One of the promises of the Nationalist Party before the 2008 election was to legislate in favour of cohabitation, including situations involving same-sex couples. Our vote in the Plenary session of the European Parliament last month reflected the line the PN is toeing and is a clear message that shows we truly believe in eliminating any kind of discrimination, be it sexual, religious or racial.
Needless to say, the stand the PN has taken on the subject is something that was long overdue and I feel we would be making a mistake if we brush aside these problems and act as if they don't exist.
I believe that a country should update its laws according to the needs of its citizens. Legislation should reflect the times we are living in and should be an aid not a burden to any citizen. In this sense we would be mistaken if we think that the cohabitation legislation applies only to same-sex couples. While these constitute a part, they are still a minority in this particular situation.
Over the last decade, separations have increased by the tenfold and, yes, I strongly believe that these people should be heard and helped as much as possible to make their lives easier instead of emarginating them. It has been proven that these relationships are more fragile and we are in duty bound to give such couples a second chance to live a better life.
We must also remember that legislating in favour of cohabitation does not only concern the couple involved but also any children born from the relationship. We are bound to safeguard their needs and interest and I think that this is the best way to do it.
This is not a question of a U turn. This is a question of keeping our word and this is the main reason why I don't believe what was written about Tonio Borg's speech in a political activity in Balzan. Dr Borg is the PN's deputy leader and I am sure he will also follow the party line in this matter, that is to introduce cohabitation legislation.
An important factor about this legislation is that it does not affect one particular strata of society. Cohabiting couples come from all strata of society and this further strengthens the argument that this is the reality we have in front of us, so we might as well address it because we know very well that, if anything, the number is bound to increase.
I think that, given the choice, many of these couples would get married but for reasons we all know we don't have that option in Malta, a fact that makes this legislation even more important. It seems there is political consensus on the subject even though the Labour MEPs' vote during the last Plenary (one in favour, one against and one abstention) does not make this clear. Apparently, being progressive in the new Labour Party (PL) dictionary means agreeing with everyone and no one. Standing in the middle of the road is very dangerous; you get knocked down by the traffic from both sides. We have to move forward now if, like all developed and modern countries, we want to achieve not only economic sustainability but also social stability.

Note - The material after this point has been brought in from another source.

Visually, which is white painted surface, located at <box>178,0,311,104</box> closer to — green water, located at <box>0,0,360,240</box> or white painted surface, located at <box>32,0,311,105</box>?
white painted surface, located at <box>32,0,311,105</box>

We constantly talk about the importance of embracing diversity; in a way, by legislating in favour of cohabitation we will be moving away from our traditional pattern and we may also be unpopular with some people but we would also be proving that we keep our promises and, as someone once told me, if you just set out to be liked, you would be prepared to compromise on anything at any time but achieve nothing.
Malta is a signatory of the charter on human rights and article 22 states: "Everyone, as a member of society, has the right to social security and is entitled to realisation, through national effort and international cooperation and in accordance with the organisation and resources of each state, of the economic, social and cultural rights indispensable for his dignity and the free development of his personality". By introducing this law we would be putting all these words into practice.

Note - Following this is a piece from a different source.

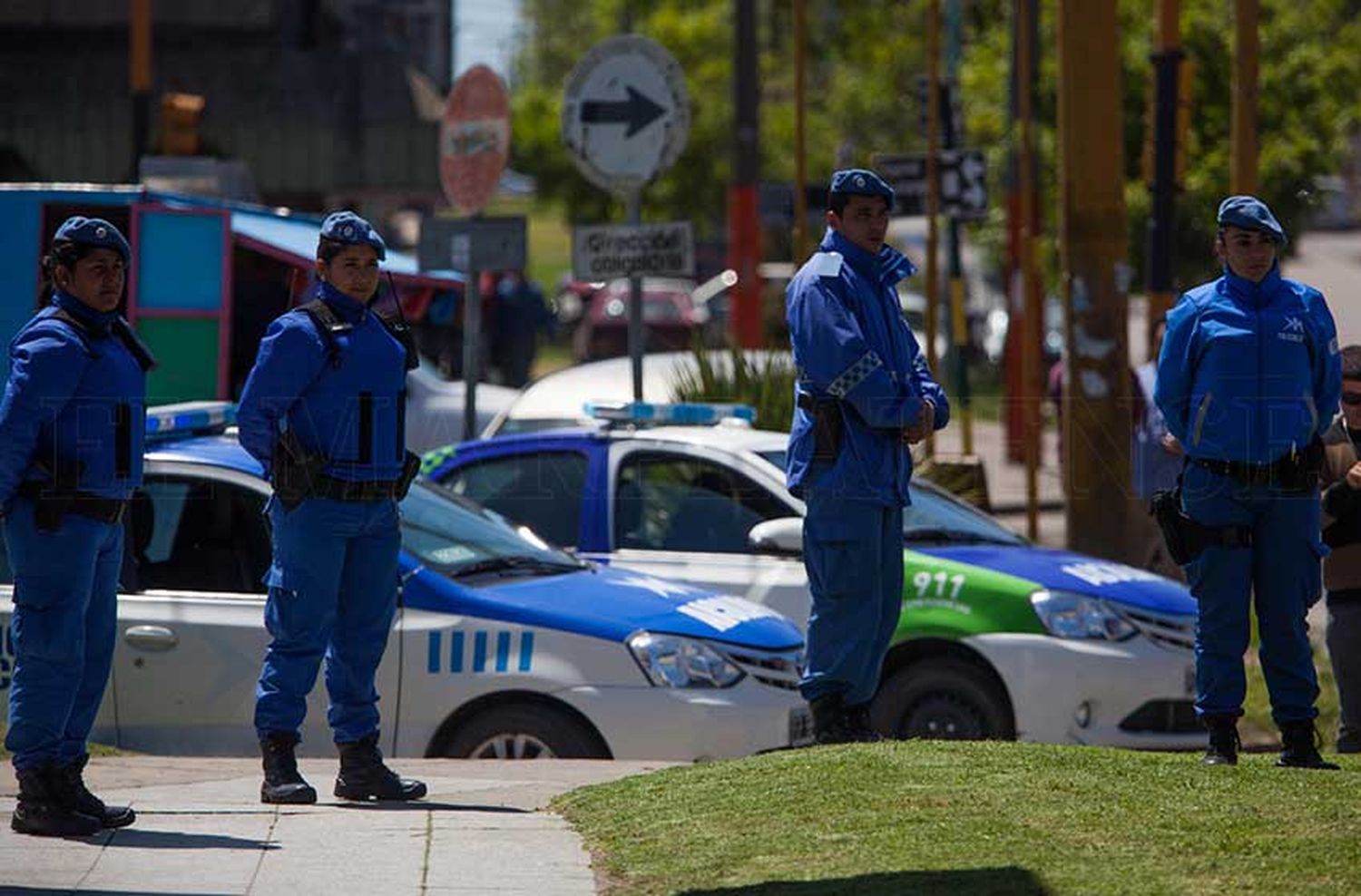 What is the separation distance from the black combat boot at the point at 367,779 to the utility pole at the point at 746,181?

I would like to stress that those who are linking cohabitation law with same-sex marriages or divorce are misinforming the public. The issues are completely separate and should be treated as such. We should give the public the right information and then, with this knowledge in hand, they would be able to participate in a healthy discussion and form an opinion. I am still against the EU imposing these issues on our country, as we stated before the referendum in 2003, but I also believe that it is also high time we decide for ourselves.

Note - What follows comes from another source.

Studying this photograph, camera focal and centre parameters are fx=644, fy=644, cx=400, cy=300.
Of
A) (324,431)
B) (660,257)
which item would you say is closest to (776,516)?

Misinformation has blown this issue out of proportion. Luca Coscioni, an expert in environmental economics who died recently aged 38 of , once said "It is democracy itself to be at stake when the pursuit of knowledge is denied, that is a never ending resource for the survival of humanity, as a place of discussion and freedom on issues directly related to life, health and quality of life".
Malta please note!
Mr Casa is a Nationalist member of the European Parliament.